Udell said, “Well, I told the boy he was casting Miss Mary Pearl aside too soon, not giving her a chance to come home and see her again and all. I’ve done all I can with the boy—man. Well, you know he’s grown. They’ve got a will of their own. He’s said he’s wanted to marry Miss Rachel since he got to know her better. Says they’re more suited, more equally yoked. Closer, you know, agewise and education and—”

“Udell, we can’t move Granny and everyone to your place because I can’t marry you because I think we’re going about this all wrong. I think I was just wishing you were Jack, and that you were thinking I’d turn into Frances.”

“Into Frances?”

That parlor on the hill was full of Frances, her mother’s tables and lamps, under every lamp antimacassars that Frances had embroidered with flowers and frippery. “It’s that piano, Udell. That house full of lace doilies.”

He shook his head and pulled a hand through his hair. Then he reset his hat, picked up his ammunition and rifle.

“I’m sorry,” I said.

Udell peered at me, glanced around at my family, turned back to face me. “Were you just toying with me, Sarah?”

“No. I was just caught up. I’m sorry.”

He put his hat on and left without another word. I went inside, sat and stared into the fireplace all day, while around me, people talked and ate and slept. I told myself telling him straight-out was more honest. Oh, Lord, my heart was as black as the firebox, cold as iron, too. Now I’d have to face all this without him. The loss felt worse than losing Savannah. All the dark, hard places of my heart shook with angry tears that refused to fall. I cursed myself for hurting a truly kind man. A decent man. A man who deserved better than to be too easily, too comfortably had. I shivered and missed him, ached for the easy, simple way of him. Still, it was better this way. It must be! Had to be, because there was no future here with him, there was only that bleak house on that hill, that bower of the dead wife’s, in a future with him. I wanted the man but not what he’d created, wanted the friend but not the husband. In the midst of my agony, passion for him swept over me in currents so strongly I wanted to seize the nearest horse and gallop to him.

After that night, we didn’t see Udell again for three days. Every other minute of each long day, I told myself I was glad to be shed of him. The minutes in between, I longed for him, pined for him the way I’ve pined for Jack. I wasted half my day looking over my shoulder to the horizon, hoping to catch sight of him coming on one of his big workhorses.

Finally, I packed up a basket lunch and changed into a clean dress and took myself a walk in his direction. I held a conversation with my shadow, tromping over rocky ground, thinking aloud about that man living on that hill in that stony castle. “Do I love him,” I said to the quail trying to beat my path clear before me, “or do I just want to love someone—anyone—so much I can’t see straight? How in the name of heaven can anyone know if it’s love until you’ve climbed a few hills together? And isn’t Charlie right? Marriage is the hardest, cussedest thing a person can do.”

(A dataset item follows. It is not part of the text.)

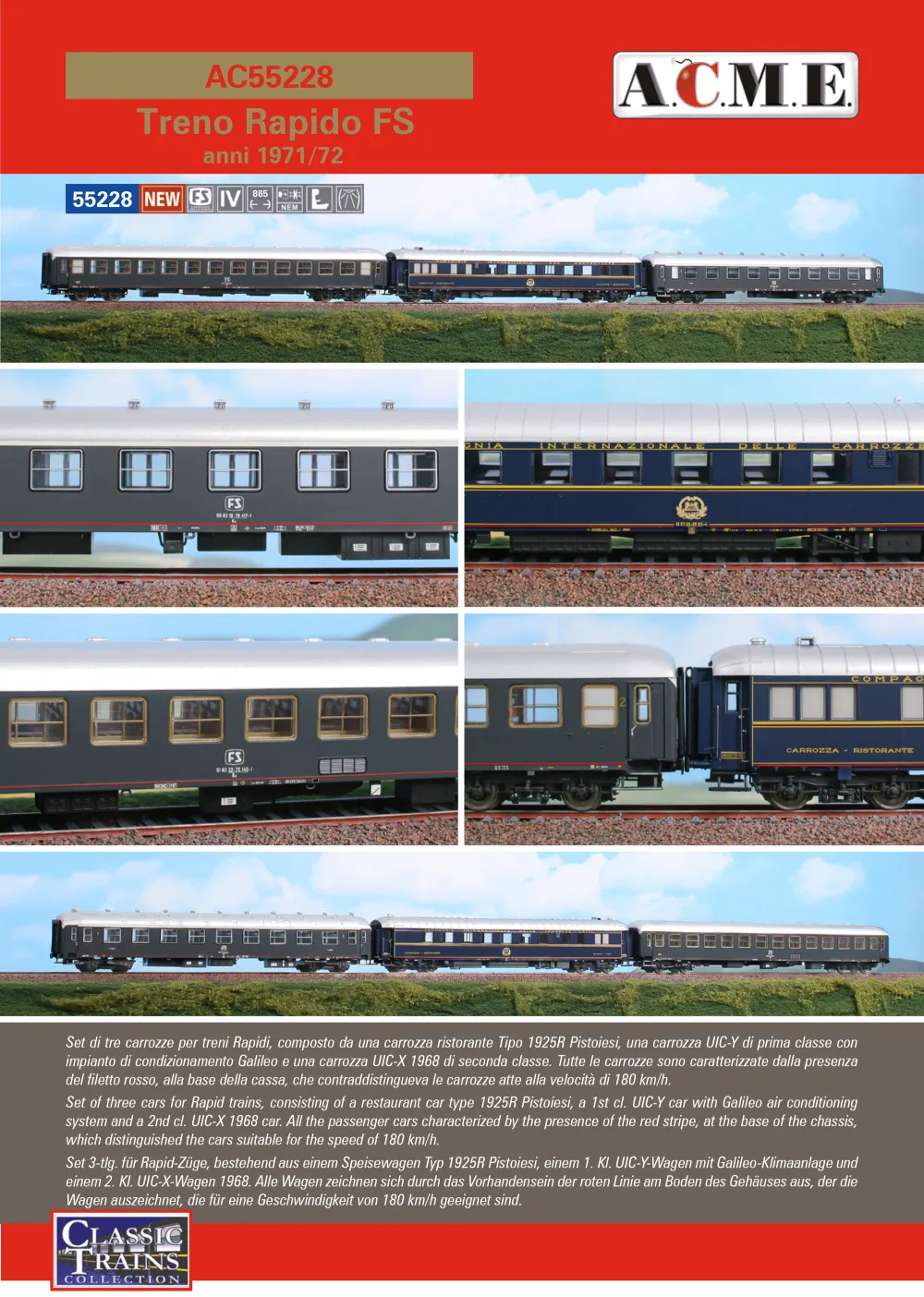 ACME - Anonima Costruzioni Modellistiche Esatte - FS - "Treno Rapido" passenger coaches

When the house came into view, I slowed down and took a good, long look. Nothing much seemed to have changed except the dark boulders now seemed less menacing. I climbed up the steeper steps right on the front, straight up to the door, and banged on it with my knuckles. There was no answer. I hollered, “Mr. Hanna!”

I rapped on the wooden door with a stone he kept on the porch as a doorstop. “Udell?” He might have been out in the barn. It was down the hill in the back, every bit as huge and ominous as the house. I rounded the curved path to it. Then stopped in my tracks. No sound came from the barn. No cows. No bleating of the four calves. I hurried to the door and found it standing open, swinging on a breeze.

“Udell?” I ran from stall to stall. No animals. None of the cow mess was fresh, either. “Udell!”

A cactus wren squawked at me from a beam overhead. I left the basket outside the door and went around the hill, going in the top level of the barn. Eight cows and five horses stood there, eating. But no Udell. The pepper plants in the garden drooped like willows from want of water.

I hurried to the house, flinging wide the back door. I couldn’t remember where anything was. I rushed into storage rooms and the privy, calling up the stairs, and at last found him prone at an angle on a bed on the top floor. He lay fully dressed across the counterpane, drenched in sweat. The room felt still and stifling, the smell of sickness came from his breath.

His lips moved but no sound came out. Fever made him start at the touch of my hand, which must have felt like a cold rag on his burning brow. “Udell,” I said, “let me get you into this bed.”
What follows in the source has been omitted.